A number of CHIN models have shown success such as an Iowa based community health network (Japsen, 1996) and Wisconsin based community network (Payton & Brennan, 1999). Existing studies note that CHINs are emerging as successful in providing a platform for information collection, storage, archival and access (Vest & Gamm, 2010). Indeed, some CHINs have, over time, became regional health information organizations or health information exchanges (HIEs) and started supporting a wider community by efficiently providing information exchange services to participating stakeholders. The success of CHINs and later HIEs in the exchange of aggregate care related information has not translated into collaboration in support of care at an individual patient level. Hardly any successful CHINs today support collaboration among patients and care providers synchronously as and when needed in the continuity of care, especially when a patient is not within the confines of a hospital. While lack of trust in safeguarding patient information and limited or no financial incentives are partly to blame for not addressing patient care outside of the hospital, community can play an important role in addressing such care and leverage the best form CHIN efforts.
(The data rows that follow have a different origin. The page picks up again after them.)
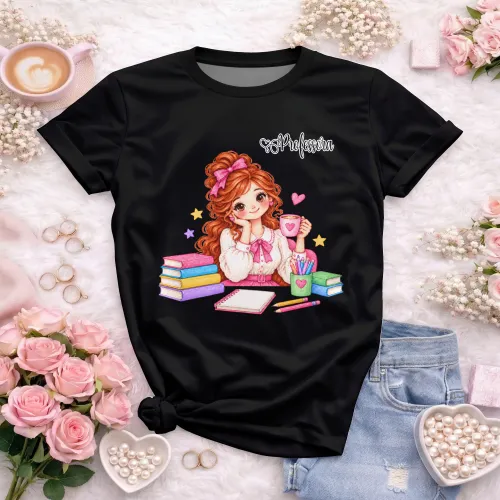 Arte Professora Café e Livros em CDR com fonte inclusa e texto editável. Ideal para camisetas, volta às aulas e Dia dos Professores 2026 e 2027.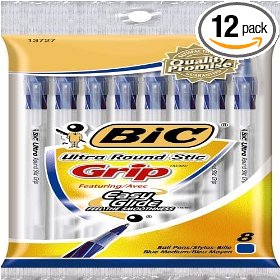 Show details of BIC Round Stic Grip Ultra Medium Ball Pen - Blue, Twelve - 8 Count Packs +2  (96 Pens).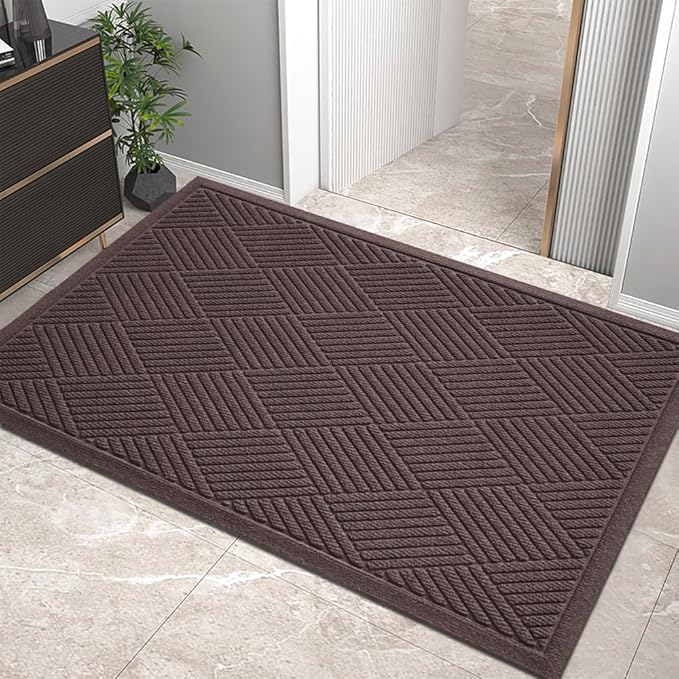 Sturdy Front Door Mat, Absorbent Muddy Dirt Resist Welcome Door Mats Outdoor Indoor, Stain and Fade Resistant, Non-Slip Rubber Backing Low Profile Doormat for Entryway, 36×24, Coffee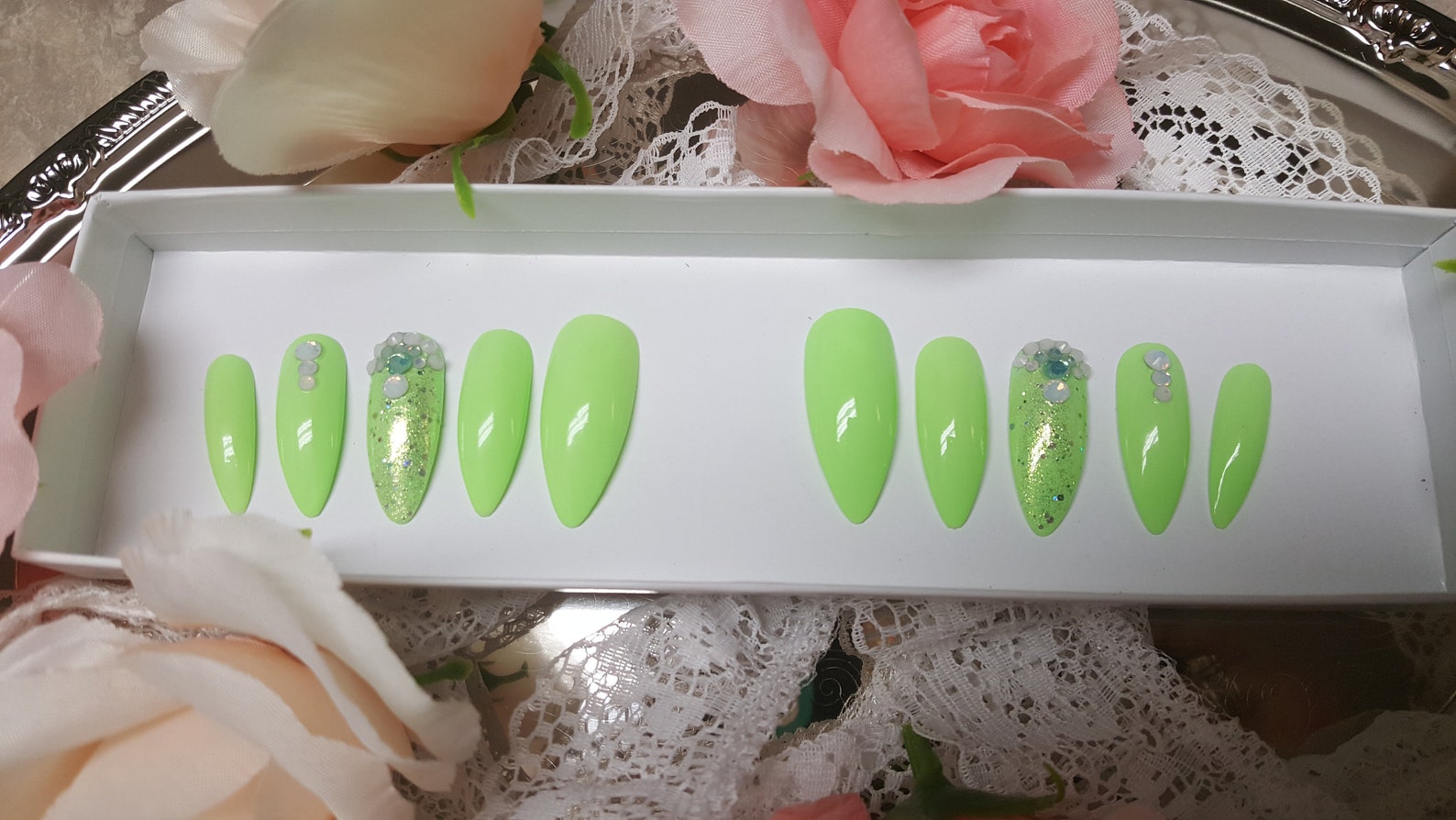 Lime green opal rhinestones glitter luxury nails | Etsy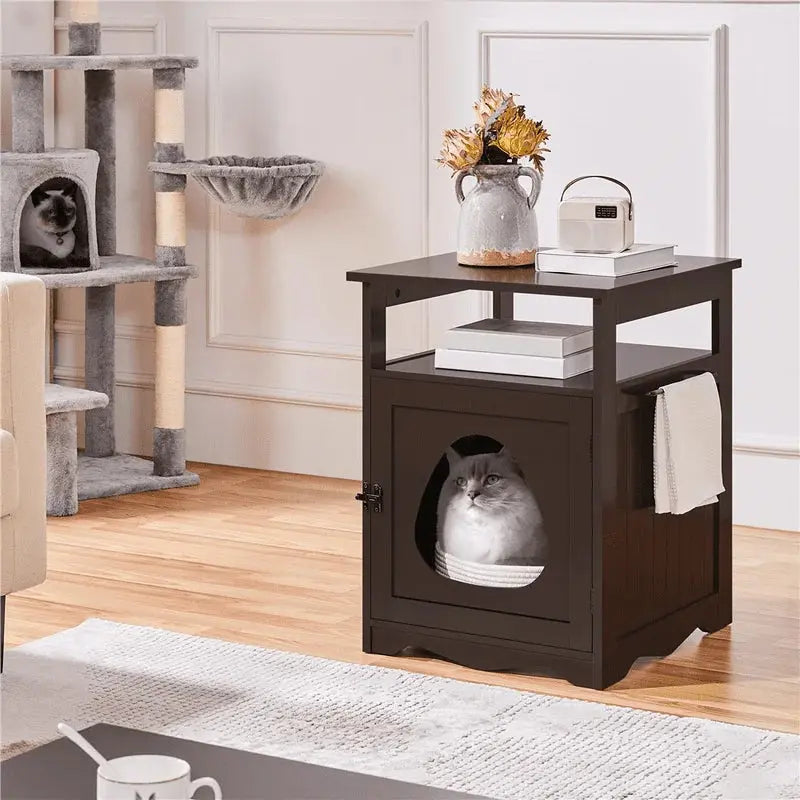 Table d'appoint avec niche intégrée pour chat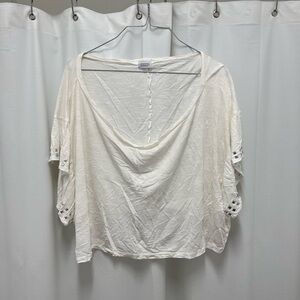 Cream Off the Shoulder Short Sleeve Studded Blouse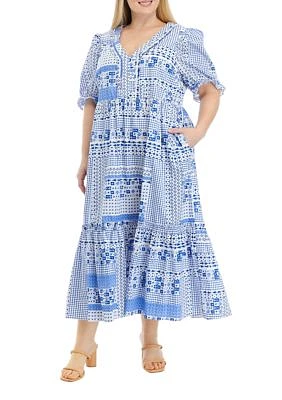 Plus Geometric Print Tiered Midi Dress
The role of community in support of pre and post-hospital care is critical for two reasons: First, although the current US healthcare delivery system (we call it as “inside hospital walls”) is efficient and effective enough to provide “sick care”, understanding its impact outside the hospital walls remains a challenge. For example, the current health system is not able to motivate a pre-diabetic patient to run a mile an hour or adhere to a diet control plan. Similarly, the current system does not provide emotional support to a cancer patient who has undergone chemotherapy with side effects that have a bearing on the physical and emotional state of the patient. A patient post-surgery may be able to reduce pain with pain-killers, but need avenues to discuss and get support for the emotional pain associated with the side-effect of the pain-killers or even the surgery itself. Similar examples reflect the type of emotional and cognitive states of patients, and disease management and treatment needs outside of a hospital will become critical if continuity of care is to become a key goal of CHINs. Hence, creating a platform to support a current patient (post-discharge) or a future patient (through prevention efforts) through community engagement is essential, if CHINs are to become relevant at an individual patient level.